[wp-meta] [Making WordPress.org] #8225: Plugin search: slug field boost creates permanent advantage for grandfathered trademark slugs
Making WordPress.org
noreply at wordpress.org
Wed Apr 8 08:22:12 UTC 2026
#8225: Plugin search: slug field boost creates permanent advantage for
grandfathered trademark slugs
------------------------------+--------------------------------------------
Reporter: jeangalea | Owner: (none)
Type: enhancement | Status: new
Priority: normal | Milestone:
Component: Plugin Directory | Keywords: search relevance elasticsearch
------------------------------+--------------------------------------------
== Problem
The plugin search algorithm gives the `slug_text` field a **5x boost** —
the highest text-field weight in the query.
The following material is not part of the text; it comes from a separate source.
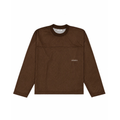 OZMNL Waffle Long Sleeve Brown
This is by design and
generally makes sense: a slug match is a strong relevance signal.
However, combined with two other policies, it creates an unintended and
permanent competitive distortion:
1. **Guideline 17 and trademark enforcement** block new plugins from using
trademarked terms (e.g., "instagram", "facebook") in their slugs.
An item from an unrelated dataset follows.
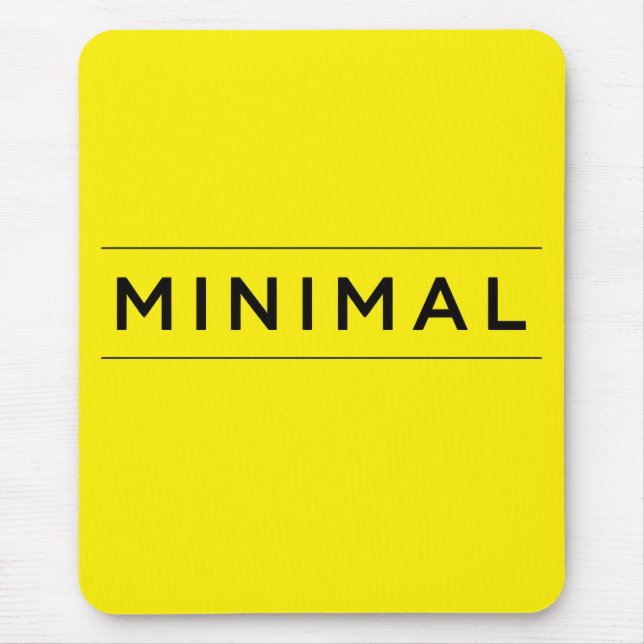 Minimale Vibes Mousepad (Vorne)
2. **Slugs cannot be changed after approval** (confirmed in
https://make.wordpress.org/plugins/2018/11/21/reminder-we-cant-rename-
plugins-post-approval/).
3. **Pre-2015 plugins are grandfathered** and keep their trademark-
containing slugs indefinitely.
The result: a small number of grandfathered plugins receive a permanent 5x
text-relevance boost for trademarked search terms that no new plugin can
ever obtain, regardless of quality, support, or user satisfaction.
== Concrete example
Search: "instagram feed"
- **#1: Smash Balloon Social Photo Feed** — slug `instagram-feed`
(grandfathered). Gets a 5x boost on both "instagram" and "feed" via
`slug_text`. Note: the display name no longer contains "Instagram" —
Meta's lawyers required them to remove it.
- **#2: Spotlight Social Feeds** — slug `spotlight-social-photo-feeds`.
Can only match "instagram" via tags (2x boost). Cannot obtain an
equivalent slug because "instagram" is now blocked.
The #1 plugin gets a 2.5x text-relevance advantage on the highest-volume
search term in this category, solely because it was approved before 2015.
This advantage persists even though the plugin was already forced to
remove "Instagram" from its display name to comply with trademark
enforcement.
== The inconsistency
WordPress.org enforces trademarks in display names and blocks them in new
slugs, but the ranking algorithm still rewards grandfathered slugs
containing those same trademarked terms with a 5x boost. The trademark is
being enforced on the surface (names, banners, icons) but continues to
confer a ranking advantage underneath (slug-based search scoring).
This affects not just Instagram — any grandfathered slug containing a
trademark that is now blocked gives its holder an insurmountable ranking
advantage.
== Code reference
The 5x slug boost is set in `class-plugin-search.php`:
{{{#!php
$should_match[] = [
'multi_match' => [
'query' => $search_phrase,
'fields' => $this->localise_es_fields( 'title', 'slug_text' ),
'type' => 'most_fields',
'boost' => 5,
],
];
}}}
Source:
https://github.com/WordPress/wordpress.org/blob/trunk/wordpress.org/public_html
/wp-content/plugins/plugin-directory/class-plugin-search.php
== Suggested approaches
Any of these would address the issue:
**Option A: Reduce or remove `slug_text` from the boosted fields.**
The slug was chosen by the developer at submission time, often years ago.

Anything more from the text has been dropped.